American motorsport race series

Events in the NTT IndyCar Series were held annually at the Iowa Speedway in Newton, Iowa from 2007 until 2025.

==History==
===Racing in Iowa===
The first Championship Car race in Iowa took place on July 9, 1915. AAA held a 100 mi race at Tri-State Fair Grounds in Burlington, Iowa, won by Bob Burman. Additional AAA races were held at Des Moines Speedway in Valley Junction, a one-mile (1.6 km) wooden board track, in 1915 and 1916. Only two championship car races, won by Ralph Mulford and Ralph DePalma respectively, were held at Des Moines, as the track closed and was dismantled shortly thereafter.

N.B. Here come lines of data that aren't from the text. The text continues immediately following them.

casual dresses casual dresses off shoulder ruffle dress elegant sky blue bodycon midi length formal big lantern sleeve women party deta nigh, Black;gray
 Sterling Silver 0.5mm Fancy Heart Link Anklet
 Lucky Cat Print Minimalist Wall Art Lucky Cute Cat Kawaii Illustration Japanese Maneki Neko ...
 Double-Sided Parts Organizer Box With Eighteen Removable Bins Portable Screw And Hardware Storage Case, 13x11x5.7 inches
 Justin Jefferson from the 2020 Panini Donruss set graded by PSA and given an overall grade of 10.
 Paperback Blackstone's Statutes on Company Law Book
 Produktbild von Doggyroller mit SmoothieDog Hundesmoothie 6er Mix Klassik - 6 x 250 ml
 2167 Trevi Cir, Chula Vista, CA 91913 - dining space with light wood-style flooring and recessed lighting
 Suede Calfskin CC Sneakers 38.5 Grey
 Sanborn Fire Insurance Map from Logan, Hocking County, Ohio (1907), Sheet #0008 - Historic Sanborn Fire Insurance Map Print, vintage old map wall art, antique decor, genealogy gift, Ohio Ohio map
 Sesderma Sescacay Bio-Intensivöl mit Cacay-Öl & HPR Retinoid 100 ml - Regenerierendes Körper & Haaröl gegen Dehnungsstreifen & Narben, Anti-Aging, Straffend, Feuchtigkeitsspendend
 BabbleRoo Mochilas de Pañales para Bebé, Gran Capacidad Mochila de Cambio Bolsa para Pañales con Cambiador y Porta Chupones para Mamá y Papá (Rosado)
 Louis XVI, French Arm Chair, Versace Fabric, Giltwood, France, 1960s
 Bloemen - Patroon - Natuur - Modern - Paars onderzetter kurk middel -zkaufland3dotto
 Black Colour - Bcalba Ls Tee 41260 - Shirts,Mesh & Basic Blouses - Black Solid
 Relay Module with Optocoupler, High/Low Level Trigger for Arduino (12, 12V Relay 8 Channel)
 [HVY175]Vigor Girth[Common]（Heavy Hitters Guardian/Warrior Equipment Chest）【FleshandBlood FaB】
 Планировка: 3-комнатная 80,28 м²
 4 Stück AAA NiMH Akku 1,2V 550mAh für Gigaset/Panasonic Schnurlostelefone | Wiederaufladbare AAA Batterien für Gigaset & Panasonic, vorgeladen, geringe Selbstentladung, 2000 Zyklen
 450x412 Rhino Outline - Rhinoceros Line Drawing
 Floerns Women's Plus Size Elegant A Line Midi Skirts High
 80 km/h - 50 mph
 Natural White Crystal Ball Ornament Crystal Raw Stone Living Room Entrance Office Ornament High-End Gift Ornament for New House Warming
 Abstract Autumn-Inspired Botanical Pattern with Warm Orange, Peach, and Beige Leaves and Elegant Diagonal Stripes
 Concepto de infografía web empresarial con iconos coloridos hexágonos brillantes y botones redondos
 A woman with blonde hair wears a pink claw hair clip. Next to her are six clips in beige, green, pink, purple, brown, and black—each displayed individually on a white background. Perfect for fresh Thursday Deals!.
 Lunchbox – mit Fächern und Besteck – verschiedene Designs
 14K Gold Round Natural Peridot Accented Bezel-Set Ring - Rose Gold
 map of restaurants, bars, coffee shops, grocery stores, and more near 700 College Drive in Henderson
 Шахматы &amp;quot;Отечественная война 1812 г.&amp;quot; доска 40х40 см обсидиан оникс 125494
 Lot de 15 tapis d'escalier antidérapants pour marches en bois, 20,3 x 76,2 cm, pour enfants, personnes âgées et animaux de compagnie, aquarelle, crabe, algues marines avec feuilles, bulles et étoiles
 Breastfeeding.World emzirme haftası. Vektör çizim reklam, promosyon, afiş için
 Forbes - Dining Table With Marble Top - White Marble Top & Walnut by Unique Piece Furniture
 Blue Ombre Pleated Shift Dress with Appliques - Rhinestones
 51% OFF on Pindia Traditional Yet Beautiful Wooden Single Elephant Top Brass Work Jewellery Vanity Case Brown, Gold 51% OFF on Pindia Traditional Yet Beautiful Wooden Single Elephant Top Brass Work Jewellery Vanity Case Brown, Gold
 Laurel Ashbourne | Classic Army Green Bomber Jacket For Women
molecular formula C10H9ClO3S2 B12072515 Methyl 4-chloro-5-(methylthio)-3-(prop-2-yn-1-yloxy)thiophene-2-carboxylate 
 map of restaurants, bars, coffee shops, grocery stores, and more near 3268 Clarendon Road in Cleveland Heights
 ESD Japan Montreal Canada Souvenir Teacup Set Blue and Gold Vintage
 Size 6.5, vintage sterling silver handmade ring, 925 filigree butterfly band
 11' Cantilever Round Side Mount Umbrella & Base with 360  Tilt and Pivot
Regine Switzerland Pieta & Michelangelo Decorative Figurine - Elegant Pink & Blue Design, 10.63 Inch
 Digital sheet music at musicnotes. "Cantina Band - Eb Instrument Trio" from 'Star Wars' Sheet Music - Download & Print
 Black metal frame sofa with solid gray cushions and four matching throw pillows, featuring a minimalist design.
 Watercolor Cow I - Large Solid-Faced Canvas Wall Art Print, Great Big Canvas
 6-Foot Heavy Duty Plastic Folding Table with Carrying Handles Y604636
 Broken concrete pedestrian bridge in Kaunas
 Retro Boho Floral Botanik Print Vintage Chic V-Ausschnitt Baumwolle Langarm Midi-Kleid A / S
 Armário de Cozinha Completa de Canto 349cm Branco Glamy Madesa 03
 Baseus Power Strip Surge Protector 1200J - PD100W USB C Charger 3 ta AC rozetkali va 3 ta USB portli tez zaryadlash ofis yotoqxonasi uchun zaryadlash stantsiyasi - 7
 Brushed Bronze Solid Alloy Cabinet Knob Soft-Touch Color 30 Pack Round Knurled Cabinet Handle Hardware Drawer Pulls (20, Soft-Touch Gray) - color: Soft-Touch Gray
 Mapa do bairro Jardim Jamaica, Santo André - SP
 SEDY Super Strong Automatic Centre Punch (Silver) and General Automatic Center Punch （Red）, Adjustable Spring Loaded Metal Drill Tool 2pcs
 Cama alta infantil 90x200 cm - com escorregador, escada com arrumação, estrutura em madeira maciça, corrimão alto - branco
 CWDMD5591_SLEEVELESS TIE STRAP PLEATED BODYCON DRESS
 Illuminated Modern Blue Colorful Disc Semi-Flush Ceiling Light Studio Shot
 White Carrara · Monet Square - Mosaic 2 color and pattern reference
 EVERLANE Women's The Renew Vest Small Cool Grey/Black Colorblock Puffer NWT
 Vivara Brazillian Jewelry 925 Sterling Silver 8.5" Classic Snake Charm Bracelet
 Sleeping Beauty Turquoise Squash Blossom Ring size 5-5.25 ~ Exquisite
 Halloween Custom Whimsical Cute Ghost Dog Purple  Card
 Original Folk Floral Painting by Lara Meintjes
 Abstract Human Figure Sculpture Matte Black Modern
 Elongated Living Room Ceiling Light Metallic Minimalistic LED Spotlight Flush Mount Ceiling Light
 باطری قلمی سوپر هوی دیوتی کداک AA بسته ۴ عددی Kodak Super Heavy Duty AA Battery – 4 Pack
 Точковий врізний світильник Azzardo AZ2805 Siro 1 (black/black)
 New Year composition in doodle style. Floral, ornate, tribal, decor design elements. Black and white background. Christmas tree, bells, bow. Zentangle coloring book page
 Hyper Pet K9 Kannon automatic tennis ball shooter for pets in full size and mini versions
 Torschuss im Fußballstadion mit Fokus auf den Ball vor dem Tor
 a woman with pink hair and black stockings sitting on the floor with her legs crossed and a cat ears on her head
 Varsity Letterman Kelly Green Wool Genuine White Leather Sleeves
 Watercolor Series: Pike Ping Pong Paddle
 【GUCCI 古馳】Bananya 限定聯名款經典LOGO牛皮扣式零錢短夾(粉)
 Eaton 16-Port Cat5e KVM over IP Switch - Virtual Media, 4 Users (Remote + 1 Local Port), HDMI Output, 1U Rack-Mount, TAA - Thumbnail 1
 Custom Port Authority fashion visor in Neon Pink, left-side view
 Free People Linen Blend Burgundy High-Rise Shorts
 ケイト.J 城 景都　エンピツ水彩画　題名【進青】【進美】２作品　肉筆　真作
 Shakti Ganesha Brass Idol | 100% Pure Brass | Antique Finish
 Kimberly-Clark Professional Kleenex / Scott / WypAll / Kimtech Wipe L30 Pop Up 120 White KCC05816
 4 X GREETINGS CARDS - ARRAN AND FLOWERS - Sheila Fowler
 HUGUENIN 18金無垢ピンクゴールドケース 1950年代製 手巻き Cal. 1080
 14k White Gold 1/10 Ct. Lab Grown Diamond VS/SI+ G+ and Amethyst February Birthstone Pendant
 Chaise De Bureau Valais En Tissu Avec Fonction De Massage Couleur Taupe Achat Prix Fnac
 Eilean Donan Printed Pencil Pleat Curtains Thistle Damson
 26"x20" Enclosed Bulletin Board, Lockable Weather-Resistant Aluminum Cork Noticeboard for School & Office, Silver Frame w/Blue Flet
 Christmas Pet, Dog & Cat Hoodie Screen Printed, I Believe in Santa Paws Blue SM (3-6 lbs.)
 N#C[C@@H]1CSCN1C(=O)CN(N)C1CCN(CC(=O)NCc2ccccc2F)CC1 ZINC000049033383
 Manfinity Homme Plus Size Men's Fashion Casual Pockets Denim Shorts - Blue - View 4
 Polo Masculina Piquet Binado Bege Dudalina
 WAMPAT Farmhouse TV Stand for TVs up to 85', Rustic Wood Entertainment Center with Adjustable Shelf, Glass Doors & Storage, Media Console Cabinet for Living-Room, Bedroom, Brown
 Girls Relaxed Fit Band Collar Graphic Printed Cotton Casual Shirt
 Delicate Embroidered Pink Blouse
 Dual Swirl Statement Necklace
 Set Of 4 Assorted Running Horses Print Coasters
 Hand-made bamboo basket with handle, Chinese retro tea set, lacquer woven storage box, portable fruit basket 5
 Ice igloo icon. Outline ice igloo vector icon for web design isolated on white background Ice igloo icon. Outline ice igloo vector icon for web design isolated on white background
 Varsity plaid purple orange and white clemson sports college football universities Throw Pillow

On August 6, 2006, IndyCar & Iowa Speedway officials announced the first IndyCar race at Iowa Speedway would be held June 24, 2007. The race itself was a crashfest with the 10th-place finisher of Scott Dixon finishing 77 laps down to the winning driver of Dario Franchitti.

In October 2013, Iowa Speedway announced that the 2014 race was extended to 300 laps.

In most years since its inception, the race has been held as a Sunday afternoon event. In 2011, 2012, 2014, 2015 and 2019, it was held as a Saturday night race under the lights.

In 2020 IndyCar had two 250-lap races at the track using a double header format with both races taking place at night on July 17 and 18.
On September 30, 2020, IndyCar revealed their 2021 schedule and announced that due to financial issues with the Iowa Speedway their date had been dropped from the schedule along with Richmond Raceway, the latter not hosting a race in 2020 due to COVID-19 restrictions in the state of Virginia.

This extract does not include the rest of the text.